## [Problem description]
From the records below, extract only the lines running from the line with "File:Nephrostomy for urosepsis" to the line with "The TOP of the", both lines included, reproducing them exactly.

Data records
•••••
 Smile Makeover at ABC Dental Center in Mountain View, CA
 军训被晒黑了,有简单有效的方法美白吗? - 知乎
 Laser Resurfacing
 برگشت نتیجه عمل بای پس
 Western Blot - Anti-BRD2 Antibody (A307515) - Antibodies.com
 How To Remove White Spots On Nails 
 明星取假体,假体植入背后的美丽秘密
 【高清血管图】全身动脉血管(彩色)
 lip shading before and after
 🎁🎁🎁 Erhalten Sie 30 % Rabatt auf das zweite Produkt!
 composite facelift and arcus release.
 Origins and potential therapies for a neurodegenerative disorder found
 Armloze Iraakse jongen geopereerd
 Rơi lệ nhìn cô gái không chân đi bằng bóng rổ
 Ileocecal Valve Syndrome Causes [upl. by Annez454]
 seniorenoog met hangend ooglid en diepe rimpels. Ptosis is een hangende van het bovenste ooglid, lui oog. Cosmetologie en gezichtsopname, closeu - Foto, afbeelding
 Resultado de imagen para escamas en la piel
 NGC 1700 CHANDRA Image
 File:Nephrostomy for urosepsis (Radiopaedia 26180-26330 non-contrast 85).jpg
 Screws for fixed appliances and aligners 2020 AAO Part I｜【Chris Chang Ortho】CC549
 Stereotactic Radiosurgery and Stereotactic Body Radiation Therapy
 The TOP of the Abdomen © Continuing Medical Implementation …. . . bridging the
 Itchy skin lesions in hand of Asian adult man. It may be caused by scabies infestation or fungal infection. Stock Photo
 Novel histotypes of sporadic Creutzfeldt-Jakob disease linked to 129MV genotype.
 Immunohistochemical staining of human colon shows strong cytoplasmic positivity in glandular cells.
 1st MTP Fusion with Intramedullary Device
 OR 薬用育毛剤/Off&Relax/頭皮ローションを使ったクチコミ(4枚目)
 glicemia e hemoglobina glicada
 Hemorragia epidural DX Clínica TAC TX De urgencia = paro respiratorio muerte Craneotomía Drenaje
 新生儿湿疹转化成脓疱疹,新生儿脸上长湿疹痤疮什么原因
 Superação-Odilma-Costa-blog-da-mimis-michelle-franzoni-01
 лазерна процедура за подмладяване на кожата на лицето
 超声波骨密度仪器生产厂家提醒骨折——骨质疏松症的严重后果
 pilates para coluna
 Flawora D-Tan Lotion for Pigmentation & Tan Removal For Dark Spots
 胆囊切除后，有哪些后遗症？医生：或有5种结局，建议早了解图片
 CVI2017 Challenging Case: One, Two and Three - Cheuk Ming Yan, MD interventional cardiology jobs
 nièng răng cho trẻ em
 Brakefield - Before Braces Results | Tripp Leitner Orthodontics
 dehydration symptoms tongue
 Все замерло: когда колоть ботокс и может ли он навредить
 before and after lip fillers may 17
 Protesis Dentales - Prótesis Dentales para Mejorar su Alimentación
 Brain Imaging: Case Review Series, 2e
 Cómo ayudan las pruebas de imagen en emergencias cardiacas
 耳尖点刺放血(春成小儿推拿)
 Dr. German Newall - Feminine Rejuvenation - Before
•••••
## [Written response]
 File:Nephrostomy for urosepsis (Radiopaedia 26180-26330 non-contrast 85).jpg
 Screws for fixed appliances and aligners 2020 AAO Part I｜【Chris Chang Ortho】CC549
 Stereotactic Radiosurgery and Stereotactic Body Radiation Therapy
 The TOP of the Abdomen © Continuing Medical Implementation …. . . bridging the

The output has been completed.